## To do
In the data below, find the line that contains "Hyundai i10 - 6" and the line that contains "Book Cover Design". Copy both, plus every line between them, exactly.

## Record excerpts
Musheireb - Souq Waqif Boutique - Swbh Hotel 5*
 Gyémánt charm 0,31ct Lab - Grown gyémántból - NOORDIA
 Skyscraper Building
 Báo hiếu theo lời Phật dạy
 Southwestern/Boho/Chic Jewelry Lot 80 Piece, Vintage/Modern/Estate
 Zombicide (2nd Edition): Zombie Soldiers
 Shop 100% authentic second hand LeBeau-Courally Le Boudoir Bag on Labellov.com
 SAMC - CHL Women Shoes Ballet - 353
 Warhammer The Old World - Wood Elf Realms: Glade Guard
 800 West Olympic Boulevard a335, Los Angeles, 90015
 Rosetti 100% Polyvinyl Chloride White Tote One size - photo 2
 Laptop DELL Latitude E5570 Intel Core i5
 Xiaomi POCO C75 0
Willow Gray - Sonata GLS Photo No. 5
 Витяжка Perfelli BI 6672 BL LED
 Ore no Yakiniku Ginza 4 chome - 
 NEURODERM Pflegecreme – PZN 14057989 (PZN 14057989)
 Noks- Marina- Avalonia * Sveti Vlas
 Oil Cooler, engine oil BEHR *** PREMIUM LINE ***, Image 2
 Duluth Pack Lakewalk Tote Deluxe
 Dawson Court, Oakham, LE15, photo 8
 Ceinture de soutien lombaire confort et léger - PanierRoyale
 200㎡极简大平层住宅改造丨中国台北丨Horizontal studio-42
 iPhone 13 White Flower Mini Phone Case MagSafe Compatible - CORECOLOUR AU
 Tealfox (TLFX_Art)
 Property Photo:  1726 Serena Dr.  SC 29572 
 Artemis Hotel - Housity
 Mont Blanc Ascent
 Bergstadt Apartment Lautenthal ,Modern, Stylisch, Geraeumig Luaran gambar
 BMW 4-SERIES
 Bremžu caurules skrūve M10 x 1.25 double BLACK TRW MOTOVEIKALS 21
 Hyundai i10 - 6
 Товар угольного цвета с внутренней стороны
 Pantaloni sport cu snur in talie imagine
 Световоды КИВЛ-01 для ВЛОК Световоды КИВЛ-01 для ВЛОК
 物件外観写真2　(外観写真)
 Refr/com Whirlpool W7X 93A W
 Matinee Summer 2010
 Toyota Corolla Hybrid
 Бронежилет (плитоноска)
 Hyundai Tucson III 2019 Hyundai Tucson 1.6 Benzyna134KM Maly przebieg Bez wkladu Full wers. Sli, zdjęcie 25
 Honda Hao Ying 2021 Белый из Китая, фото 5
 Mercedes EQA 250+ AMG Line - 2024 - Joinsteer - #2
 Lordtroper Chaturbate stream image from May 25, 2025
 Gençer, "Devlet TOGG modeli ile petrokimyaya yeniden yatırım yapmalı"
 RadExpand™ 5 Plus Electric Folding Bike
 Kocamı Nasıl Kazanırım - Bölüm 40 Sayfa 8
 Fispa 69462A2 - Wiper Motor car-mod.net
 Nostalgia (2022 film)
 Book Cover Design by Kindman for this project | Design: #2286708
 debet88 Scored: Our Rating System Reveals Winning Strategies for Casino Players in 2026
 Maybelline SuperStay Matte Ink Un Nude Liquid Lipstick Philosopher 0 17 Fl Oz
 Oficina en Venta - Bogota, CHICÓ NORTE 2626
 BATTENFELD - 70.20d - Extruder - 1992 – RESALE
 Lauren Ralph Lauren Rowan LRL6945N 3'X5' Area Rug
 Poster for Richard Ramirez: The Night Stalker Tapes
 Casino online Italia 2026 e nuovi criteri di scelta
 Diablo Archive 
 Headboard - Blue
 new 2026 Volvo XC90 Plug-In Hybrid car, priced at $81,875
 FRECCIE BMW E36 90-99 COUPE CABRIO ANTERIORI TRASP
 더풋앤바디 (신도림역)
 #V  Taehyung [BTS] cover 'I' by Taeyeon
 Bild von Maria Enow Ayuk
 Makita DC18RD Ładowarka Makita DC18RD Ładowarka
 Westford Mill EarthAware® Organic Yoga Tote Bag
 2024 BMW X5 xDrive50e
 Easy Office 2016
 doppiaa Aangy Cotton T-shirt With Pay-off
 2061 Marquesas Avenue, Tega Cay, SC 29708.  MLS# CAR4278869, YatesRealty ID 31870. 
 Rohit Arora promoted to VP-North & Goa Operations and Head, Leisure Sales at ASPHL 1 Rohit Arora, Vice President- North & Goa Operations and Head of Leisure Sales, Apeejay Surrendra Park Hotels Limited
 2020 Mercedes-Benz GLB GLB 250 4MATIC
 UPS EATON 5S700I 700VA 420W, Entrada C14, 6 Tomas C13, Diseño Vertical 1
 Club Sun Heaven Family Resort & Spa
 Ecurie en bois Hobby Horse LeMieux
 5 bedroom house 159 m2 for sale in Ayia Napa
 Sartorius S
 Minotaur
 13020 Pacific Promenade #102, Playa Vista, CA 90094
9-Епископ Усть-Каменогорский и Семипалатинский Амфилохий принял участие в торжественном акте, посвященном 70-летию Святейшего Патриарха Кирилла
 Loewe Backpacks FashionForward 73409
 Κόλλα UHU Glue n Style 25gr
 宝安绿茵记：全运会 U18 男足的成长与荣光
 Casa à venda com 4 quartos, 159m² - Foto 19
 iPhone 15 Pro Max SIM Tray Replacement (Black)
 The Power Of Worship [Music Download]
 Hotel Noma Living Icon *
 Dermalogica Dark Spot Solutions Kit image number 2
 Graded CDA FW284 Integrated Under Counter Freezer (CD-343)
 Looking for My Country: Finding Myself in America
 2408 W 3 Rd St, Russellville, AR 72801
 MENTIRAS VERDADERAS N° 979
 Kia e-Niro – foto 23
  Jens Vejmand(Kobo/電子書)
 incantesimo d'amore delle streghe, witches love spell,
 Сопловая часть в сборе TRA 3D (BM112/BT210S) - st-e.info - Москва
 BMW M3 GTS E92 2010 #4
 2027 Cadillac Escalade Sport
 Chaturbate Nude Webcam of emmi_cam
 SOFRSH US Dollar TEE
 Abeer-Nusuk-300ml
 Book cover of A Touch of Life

## Written response
 Hyundai i10 - 6
 Товар угольного цвета с внутренней стороны
 Pantaloni sport cu snur in talie imagine
 Световоды КИВЛ-01 для ВЛОК Световоды КИВЛ-01 для ВЛОК
 物件外観写真2　(外観写真)
 Refr/com Whirlpool W7X 93A W
 Matinee Summer 2010
 Toyota Corolla Hybrid
 Бронежилет (плитоноска)
 Hyundai Tucson III 2019 Hyundai Tucson 1.6 Benzyna134KM Maly przebieg Bez wkladu Full wers. Sli, zdjęcie 25
 Honda Hao Ying 2021 Белый из Китая, фото 5
 Mercedes EQA 250+ AMG Line - 2024 - Joinsteer - #2
 Lordtroper Chaturbate stream image from May 25, 2025
 Gençer, "Devlet TOGG modeli ile petrokimyaya yeniden yatırım yapmalı"
 RadExpand™ 5 Plus Electric Folding Bike
 Kocamı Nasıl Kazanırım - Bölüm 40 Sayfa 8
 Fispa 69462A2 - Wiper Motor car-mod.net
 Nostalgia (2022 film)
 Book Cover Design by Kindman for this project | Design: #2286708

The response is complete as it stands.